Me: How long has this “intended system” been in place? Because this changes every little bit of percent-based decisionmaking.

Me: I thought I was playing in a world governed by the laws of probability, now I find out God cheats at dice?

Crafticus: It’s been in since launch in one form or another.

Me:  Is it part of the reason we used to have “high, moderate, low” instead of numbers?

Crafticus: Yes


PET BATTLE HIT PERCENTAGE IS A TOTAL LIE

YOU HAVE NEVER BEEN FLIPPING A COIN WHEN YOU USE A 50% HIT CHANCE ABILITY


Ok. Time to stop yelling. I’m going to back up a couple steps here and talk about the nature of randomness.
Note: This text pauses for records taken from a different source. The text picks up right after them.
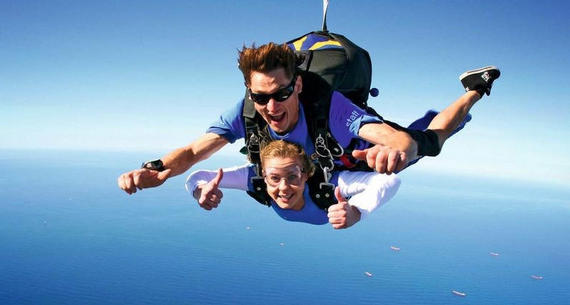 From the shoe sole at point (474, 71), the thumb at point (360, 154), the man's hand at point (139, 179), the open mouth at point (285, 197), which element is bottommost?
the open mouth at point (285, 197)

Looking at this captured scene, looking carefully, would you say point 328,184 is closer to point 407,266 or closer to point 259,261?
point 259,261

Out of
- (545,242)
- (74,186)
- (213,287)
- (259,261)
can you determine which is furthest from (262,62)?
(74,186)

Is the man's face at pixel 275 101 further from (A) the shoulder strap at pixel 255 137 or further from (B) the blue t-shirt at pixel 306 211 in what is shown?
(B) the blue t-shirt at pixel 306 211

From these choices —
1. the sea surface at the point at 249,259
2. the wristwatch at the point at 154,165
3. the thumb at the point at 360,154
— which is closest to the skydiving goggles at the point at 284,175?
the wristwatch at the point at 154,165

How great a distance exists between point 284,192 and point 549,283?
101 metres

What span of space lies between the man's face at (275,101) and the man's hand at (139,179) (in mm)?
903

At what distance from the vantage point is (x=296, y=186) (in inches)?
112

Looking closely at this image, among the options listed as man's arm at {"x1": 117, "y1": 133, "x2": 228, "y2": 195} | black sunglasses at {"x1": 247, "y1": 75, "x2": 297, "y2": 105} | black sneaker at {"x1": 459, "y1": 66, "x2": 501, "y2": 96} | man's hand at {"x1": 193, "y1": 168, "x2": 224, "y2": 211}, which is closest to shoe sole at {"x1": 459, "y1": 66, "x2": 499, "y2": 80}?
black sneaker at {"x1": 459, "y1": 66, "x2": 501, "y2": 96}

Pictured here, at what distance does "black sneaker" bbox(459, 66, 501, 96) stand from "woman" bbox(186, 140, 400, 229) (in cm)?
139

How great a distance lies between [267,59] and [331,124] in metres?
0.70

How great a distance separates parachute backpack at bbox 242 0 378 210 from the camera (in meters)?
2.46

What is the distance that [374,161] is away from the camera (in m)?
1.22

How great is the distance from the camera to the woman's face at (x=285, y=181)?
2736mm

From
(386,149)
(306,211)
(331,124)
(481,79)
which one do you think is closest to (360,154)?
(386,149) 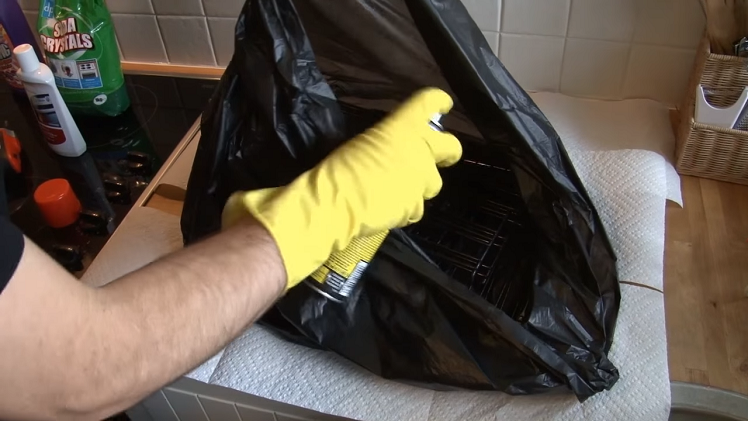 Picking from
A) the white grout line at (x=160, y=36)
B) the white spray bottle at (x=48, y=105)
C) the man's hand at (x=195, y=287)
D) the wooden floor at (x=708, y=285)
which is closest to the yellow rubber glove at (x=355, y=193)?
the man's hand at (x=195, y=287)

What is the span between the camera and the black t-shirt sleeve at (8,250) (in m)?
0.36

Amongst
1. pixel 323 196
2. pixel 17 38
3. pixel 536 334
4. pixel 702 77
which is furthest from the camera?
pixel 17 38

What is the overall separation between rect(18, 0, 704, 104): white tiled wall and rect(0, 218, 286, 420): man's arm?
58 centimetres

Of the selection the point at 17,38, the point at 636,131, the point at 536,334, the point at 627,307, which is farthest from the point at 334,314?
the point at 17,38

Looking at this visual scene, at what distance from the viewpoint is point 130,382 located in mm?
422

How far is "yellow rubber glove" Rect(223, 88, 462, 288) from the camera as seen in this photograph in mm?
514

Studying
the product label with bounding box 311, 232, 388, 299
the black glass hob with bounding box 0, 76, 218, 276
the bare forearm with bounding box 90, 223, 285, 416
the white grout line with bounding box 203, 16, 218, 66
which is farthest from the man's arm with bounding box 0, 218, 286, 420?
the white grout line with bounding box 203, 16, 218, 66

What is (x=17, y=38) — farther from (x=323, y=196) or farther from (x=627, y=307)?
(x=627, y=307)

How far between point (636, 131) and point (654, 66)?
104mm

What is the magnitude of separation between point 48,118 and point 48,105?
28 millimetres

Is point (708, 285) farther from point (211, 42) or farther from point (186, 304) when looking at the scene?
point (211, 42)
In everyday life, we use numerical probabilities to refer to single events often. “There’s an 80% chance of rain tomorrow.” “There’s like a 90% chance that those two are secretly dating.” “There’s only a 50% chance I’ll make it to your birthday bar crawl.”

However, in retrospect, an event either happened or it didn’t. Those “probabilities” were completely meaningless. I made it to 0% of my boss’s birthday parties in 2014. It rained here on 100% of this Thursdays. Those adorable kids in your guild are either madly in love or just friends. Etc.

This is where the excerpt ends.